The New York Times reported just minutes ago on the latest Iraq War disaster to emanate from the Reid/Pelosi Congress. The architect of the Democratic Revolution of 2006:

“I view this as the beginning of the end of the president’s policy on Iraq,” said Representative Rahm Emanuel of Illinois, chairman of the House Democratic Caucus.

How elegantly revolting.

Reid announced this evening that the Democratic caucus has decided to remove the withdrawal mandate from the emergency war spending bill that Bush demanded back in February, that they initially delivered with withdrawal timetables.

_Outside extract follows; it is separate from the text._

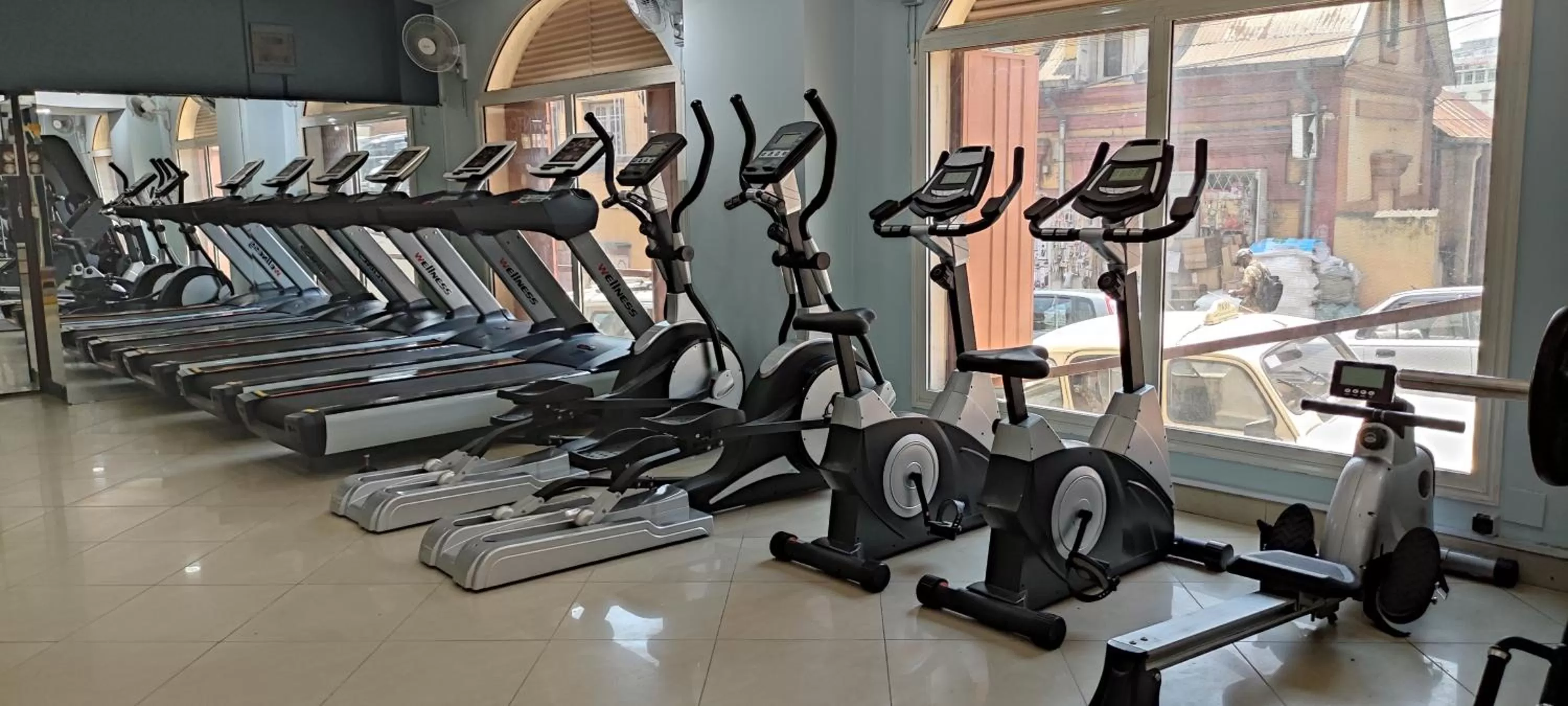 Fitness centre/facilities in Downtown Hotel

The new one takes the teeth out of the whole enterprise and gives the president the blank check he’s thrown a perfect tantrum to get. Don’t feed me any gibberish about the provisions for getting tough on the Maliki government – as a powerless farce, it is quite impervious to pressure from the Senate Majority Leader’s office. And the kicker? Nancy Pelosi says she will not vote for it. Well, it’s very admirable, Madame Speaker, that you’re willing to give the appearance of deep fissures in the Democratic bloc in order to stand on principle, but anyone can see that this nonsense would never have made it through committee without your calculated acquiescence.

The president hands the Congress one veto – one veto on a measure they were sent to Congress for the virtually expressed purpose of enacting – and they’re done? John Edwards and Bill Richardson have consistently demanded that congressional Democrats send the same bill back to the White House as many times as it takes. What is it about the halls of the Capitol that makes conniving scoundrels out of good people who have been given an unambiguous mandate?

I have a secret for my (supposed) Democratic representatives in Washington: Fully 65% percent of the country is demanding the showdown that you are unwilling to provide. We are demanding it now.

Wonder why Democrats are seen as the party of weak-willed opportunists? I’ve got an answer for that too:

The measure would also force the White House and Congressional Republicans to accept significant new spending. Democrats say there is about $17 billion beyond the president’s initial request, with about $9 billion devoted to extra spending on military programs and health care, veterans’ health care and military base realignment. The remaining $8 billion goes to agriculture programs, additional Gulf Coast recovery efforts, children’s health care and other Democratic priorities. The minimum-wage increase will represent a domestic victory for Democrats.

I’m no naïf. I understand that federal money is the grease that keeps the Washington machine churning out its fatuous merchandise. But in the aftermath of the political hay about pork-barrel spending that won the White House so much unnecessary support the last time we danced around this mulberry bush, really, you must be joking.

“We don’t have a veto-proof Congress,” Mr. Reid said. “But no one can say with any degree of veracity that we haven’t made great progress, and this bill is further proof of that.”

Come on now. I mean, come on. No one can say with any degree of veracity that the progress Petraeus has made is sufficient to entertain the notion that the Iraq project might be worth sticking around for. And in any case, no Democrat can say it with any degree of credibility.

Enough already. What are you all afraid of?

1 comment:

Anonymous said...

"All left wing parties in the highly industrialized countries are at bottom a sham because they make it their business to fight against something they do not really wish to destroy."

George Orwell taken slightly out of context, but wholly appropriate when talking about our invertebrate friends in congress.